In the months leading up to his death, he was between jobs and living on his own in an apartment in St. Catharines.
Neumann and Meyer grew up close friends right out of the crib.
The two often played on the same sports teams and attended the same schools, first Parliament Oak and then Niagara District Secondary School.
After graduating high school, Meyer had his first of four children and Neumann went to the University of Guelph to get his undergraduate degree in international development.
They didn’t talk too much about Neumann’s professional life as they got older, but Connor Crickmore, who also grew up with Neumann, said he was one smart cookie.
“He was really smart and definitely demonstrated that at Guelph University,” Crickmore said in an email.
He pointed out that Neumann was on the dean’s list at Guelph.
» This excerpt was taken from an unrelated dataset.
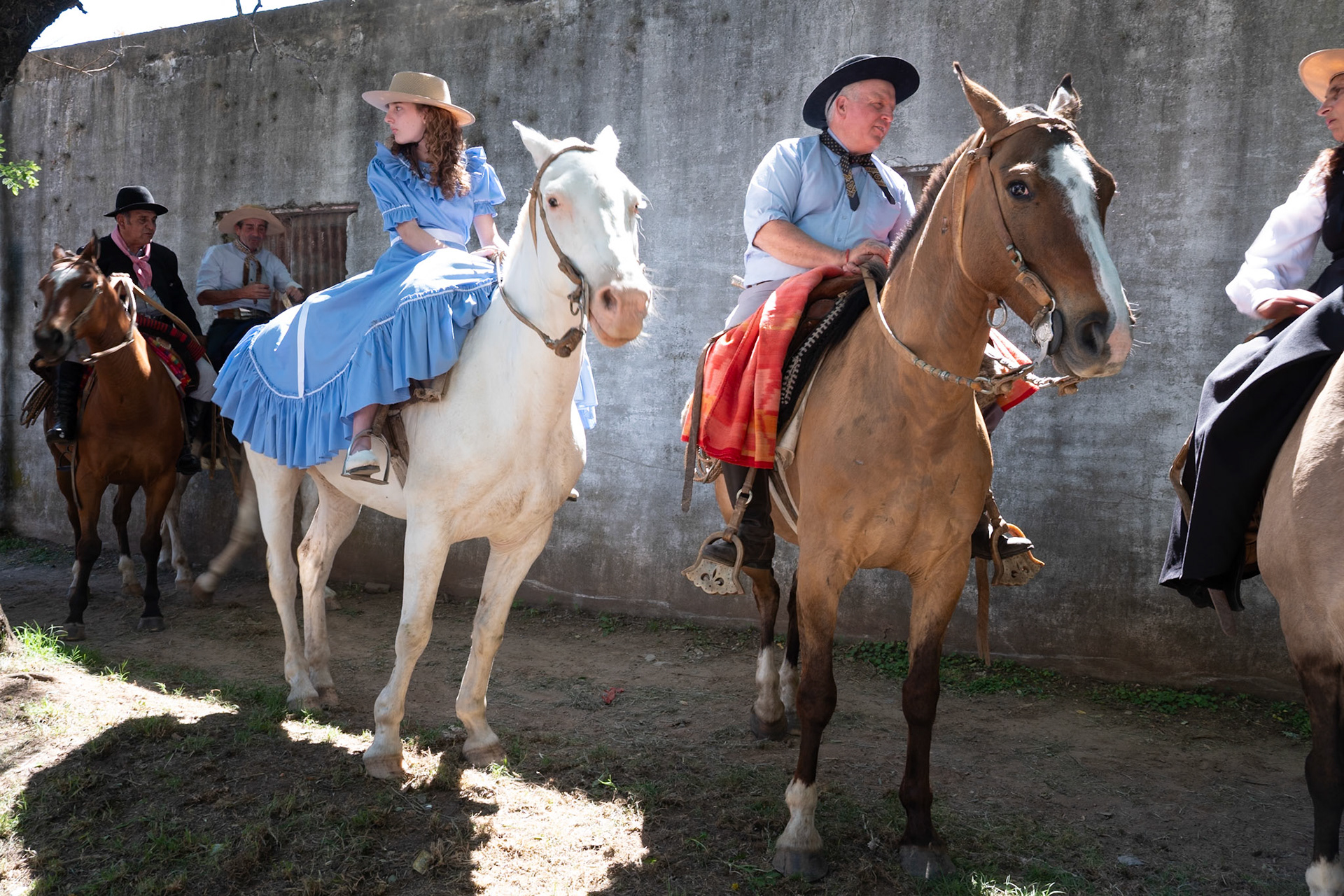 San Antonio de Areco - Argentine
Crickmore remembers growing up and hanging around town with Neumann.
“He was always trying to make others around him smile and laugh,” he said.
Meyer and Worthy said the same of the ginger go-getter.
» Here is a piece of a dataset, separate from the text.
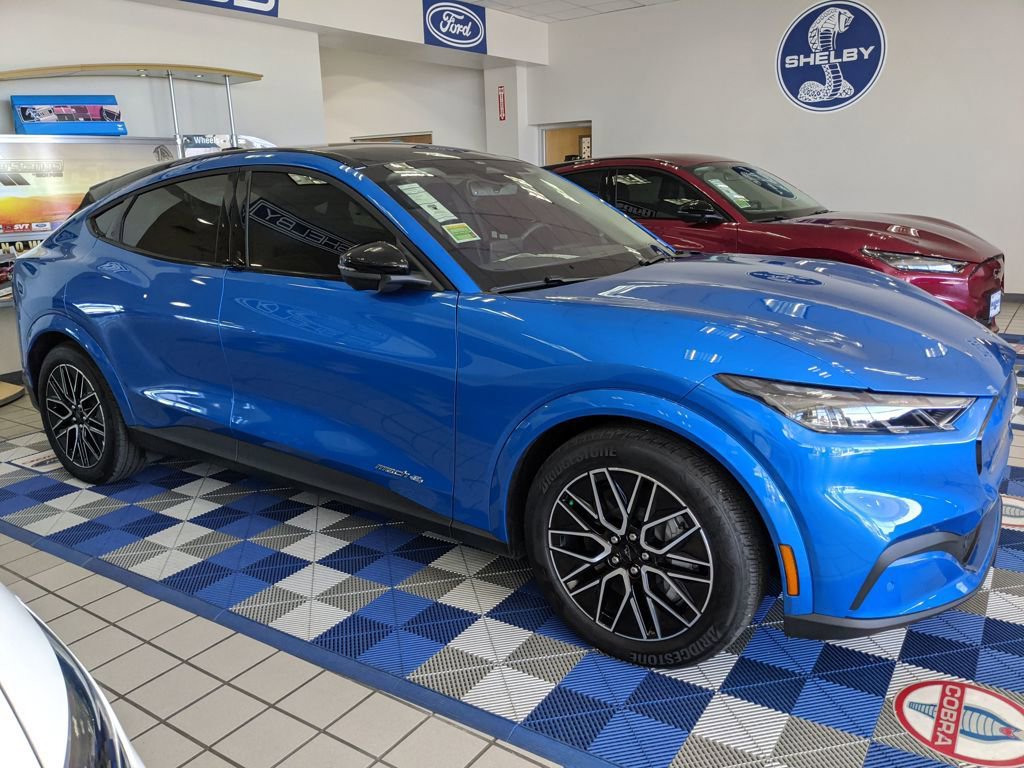 New 2025 Ford Mustang Mach-E Premium w/ Interior Protection Package image 2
In a moment of levity, Worthy described her son as a “good-bad boy” and “extremely funny.”
For Meyer, there was something about the relationship between the mother and son he’ll never forget.
“I’m gonna miss him for his mom,” Meyer said, recalling “the way that she would smile when he walked into the room.”
“I got four kids. When they walk into the room my eyes light up too.”
Meyer feels a connection to Worthy as well, describing her as his “second mom.”
When he was about nine, Meyer’s parents got divorced and he took shelter from the turmoil at Neumann’s home.
“It was nice. It was comforting to have someone like Liam,” he said. “He knew how it was and how it felt.”
Worthy and her husband Ron Neumann had divorced when the boys were about five, Meyer said.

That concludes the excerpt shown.